At 5:28 AM -0500 12/14/98, Walter Hafner wrote:
>1) The lack of support for German umlauts ()

My suggestion would be to look at the locale option.

>2) The somewhat limited queries.

I think you'll have to be more specific. I'd say we easily cover the 80/20
rule. From my search logs, most people put in text.

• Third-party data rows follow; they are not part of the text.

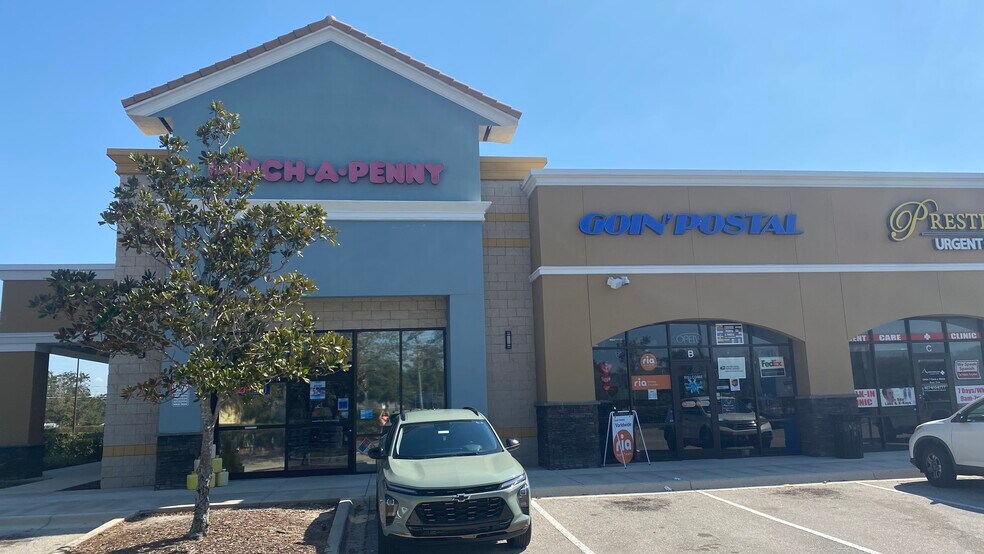 More Photos Of Goldenrod Rd @ Narcoossee Rd, Orlando Unknown For Lease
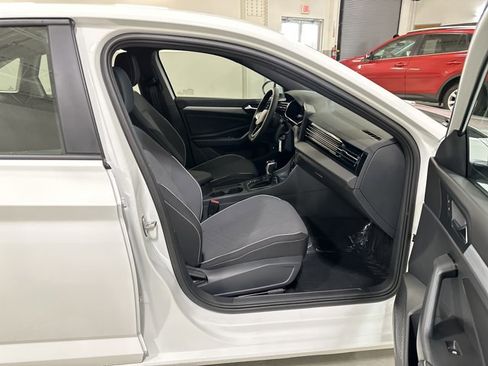 New 2026 Volkswagen Jetta Sport image 36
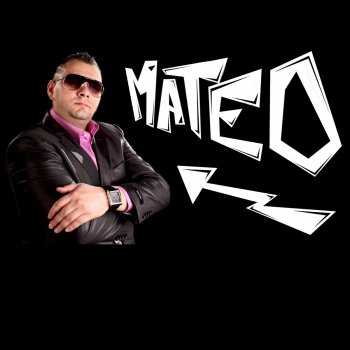 Mateo Brak Mi Ciebie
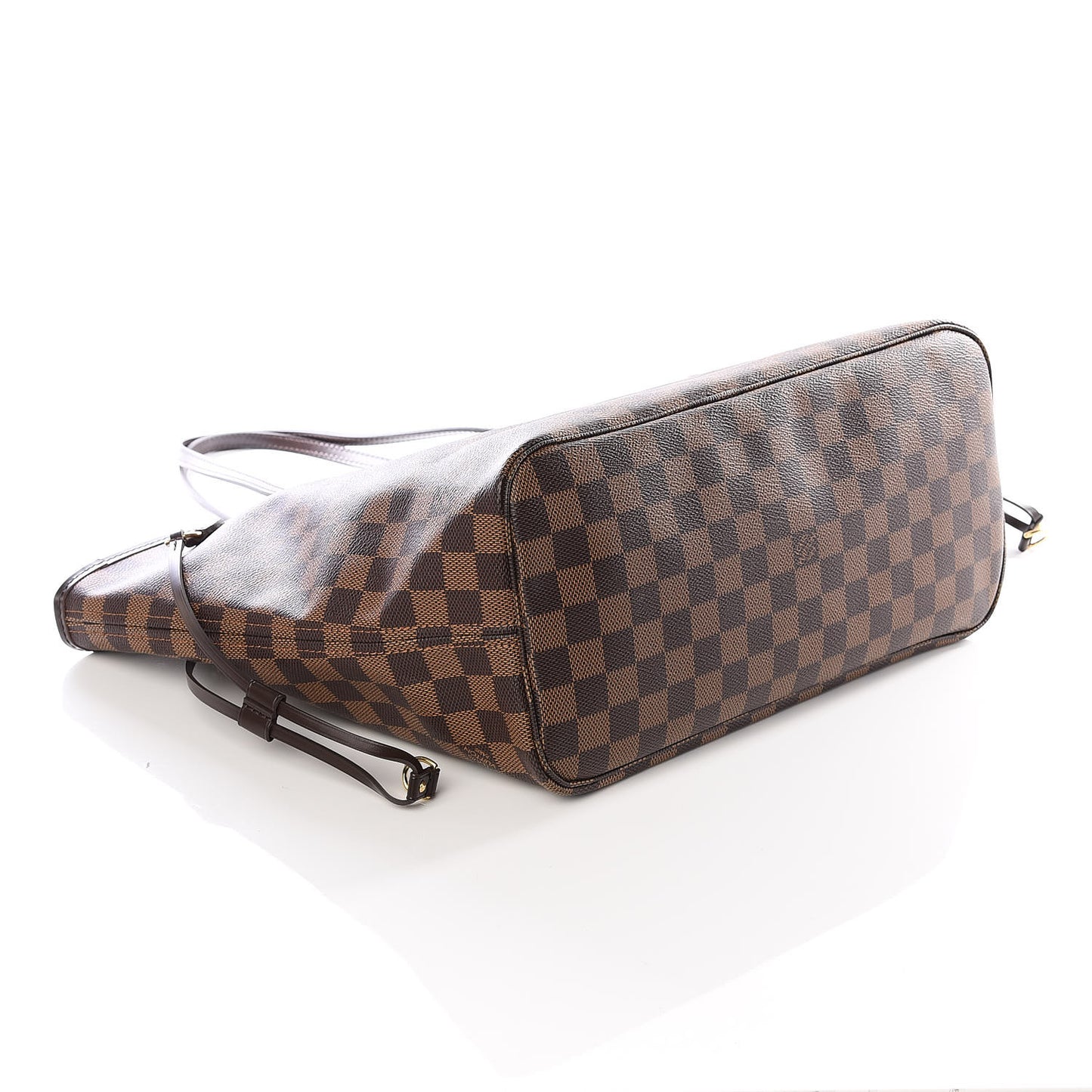 Damier Ebene Neo Neverfull MM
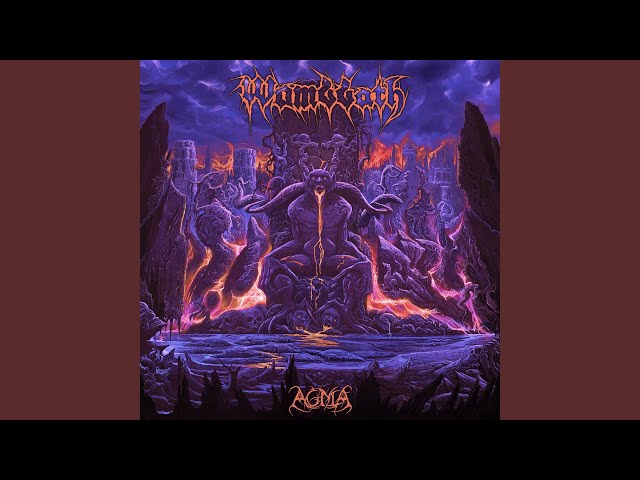 Wombbath - The Law Of Everything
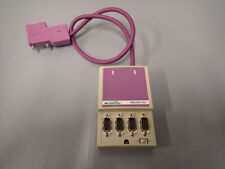 TSXCANTDM4 - SCHNEIDER - TSXCANTDM4 / Boîtier de dérivation CANOPEN USED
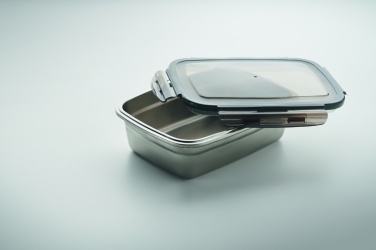 Logotrade promotional item image of: Lunch box 850 ml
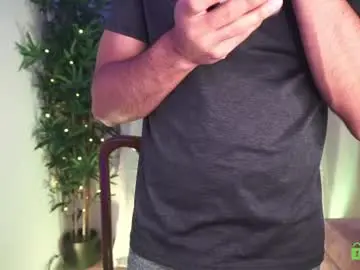 Chaturbate Sex Cam of damon_frost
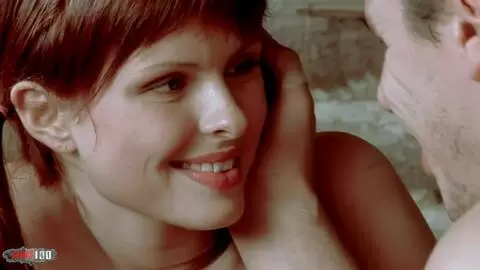 Follada anal con corrida facial a una pelirroja cachonda. photo 16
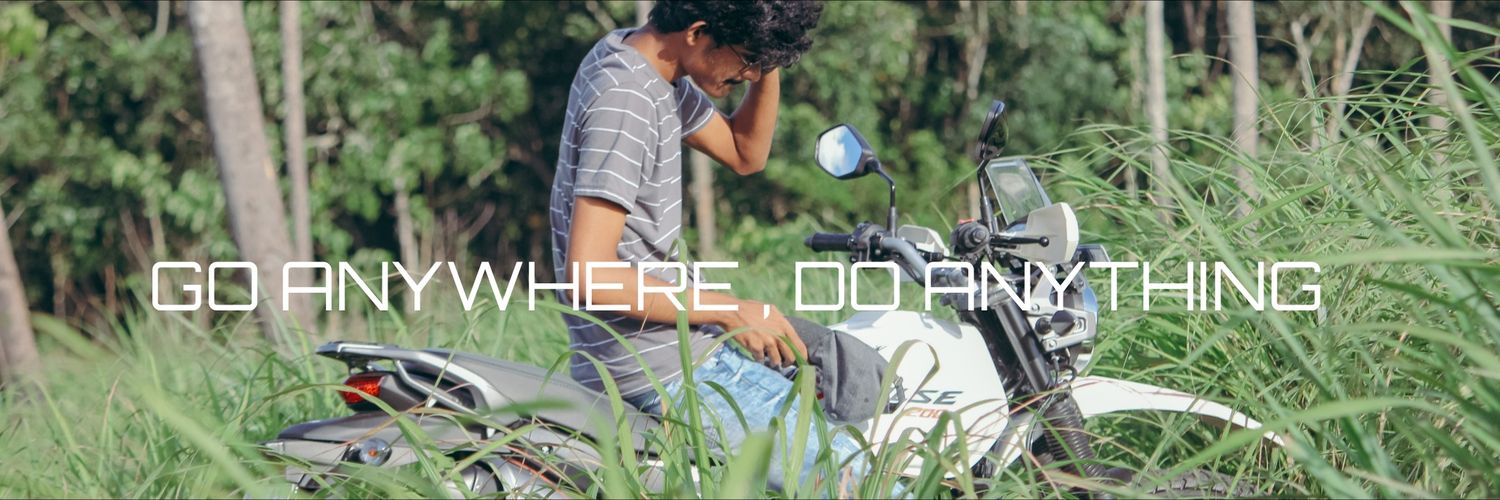 Maheswarbenoy's profile banner image
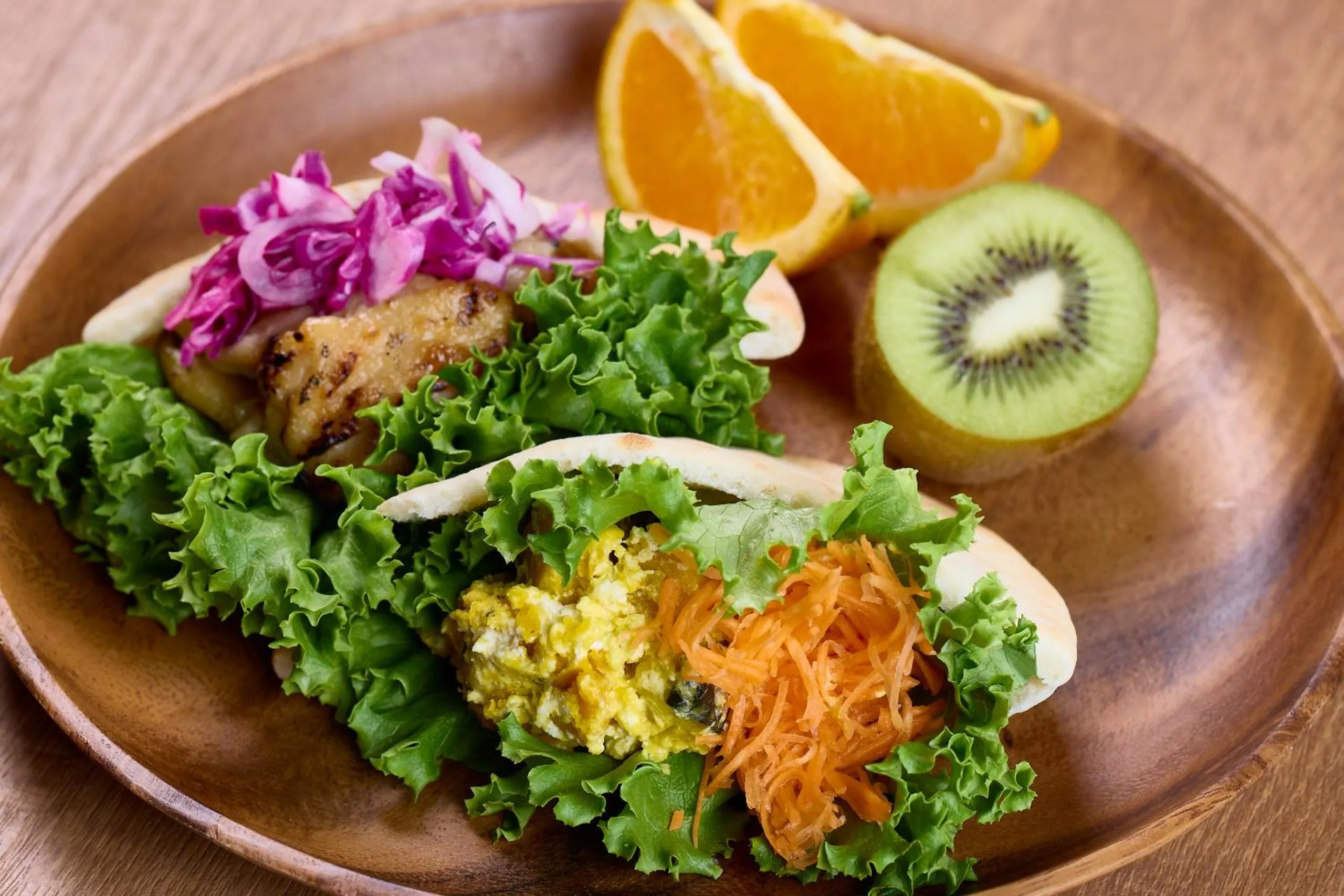 Buffet breakfast in 3s HOTEL ATSUGI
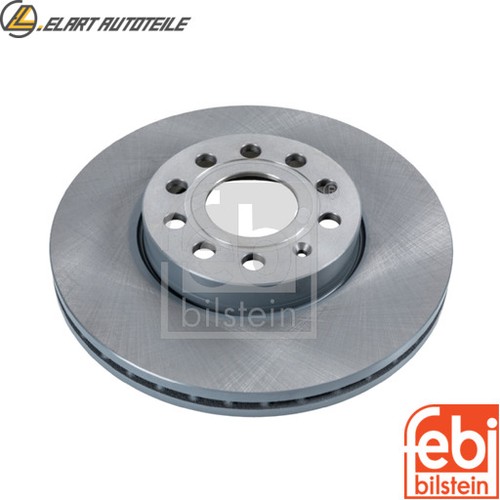 Brake discs 22902 - discs,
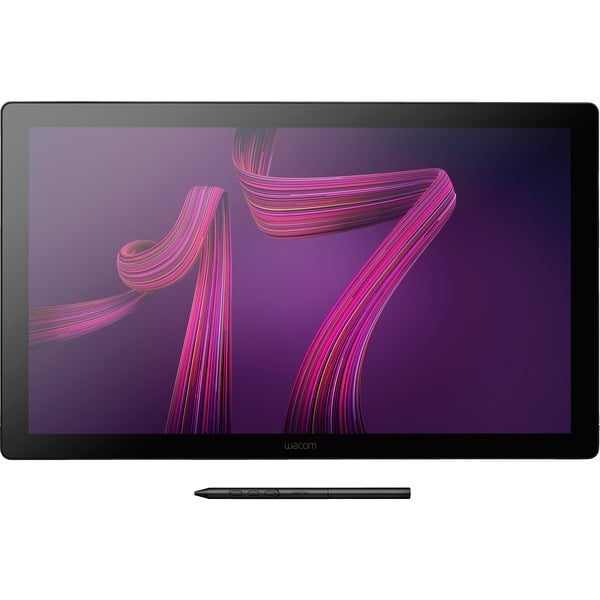 Wacom Cintiq Pro 17, Grafiktablett - Wacom - vue 2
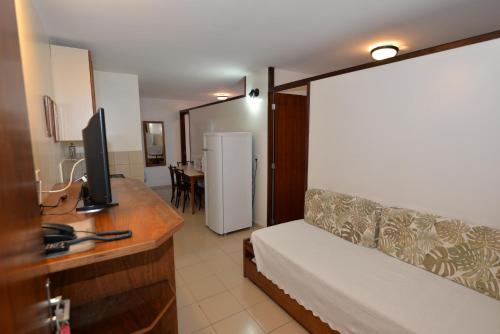 Apartamento Morato Residence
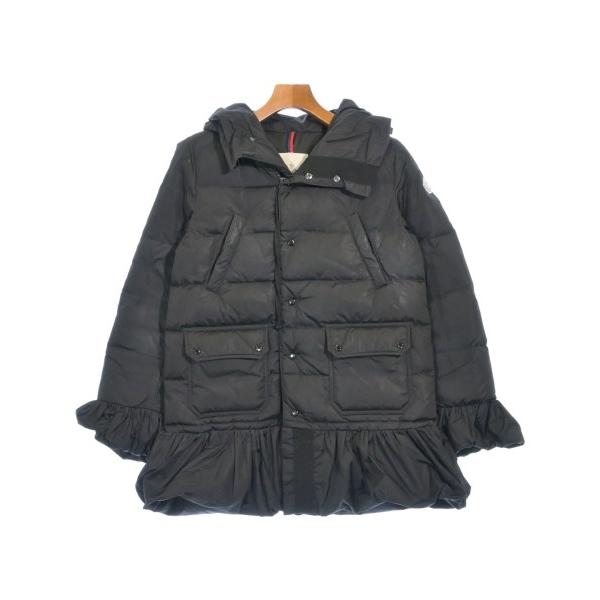 ※値下げ可能※ 美品　MONCLER ダウンベスト 黒 明日発送‼️MONCLER ブラック ダウンベスト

>3) The unability to distinguish virtual hosts from mere CHAMEs.
>I think that ht://Dig could 'borrow' a simple yet clever method to solve
>problem (3). As I wrote, I evaluate alternatives to ht://Dig. Currently
>I have a look at Netscapes Compass Server. NCS gives the possibility
>for a "site probe". Here is a screen snipplet:

Actually NCS is being pretty naive in just using the size. The best way to
detect exact duplicates is with a checksum (e.g. md5sum). Since it's pretty
quick to generate a checksum, this isn't too slow.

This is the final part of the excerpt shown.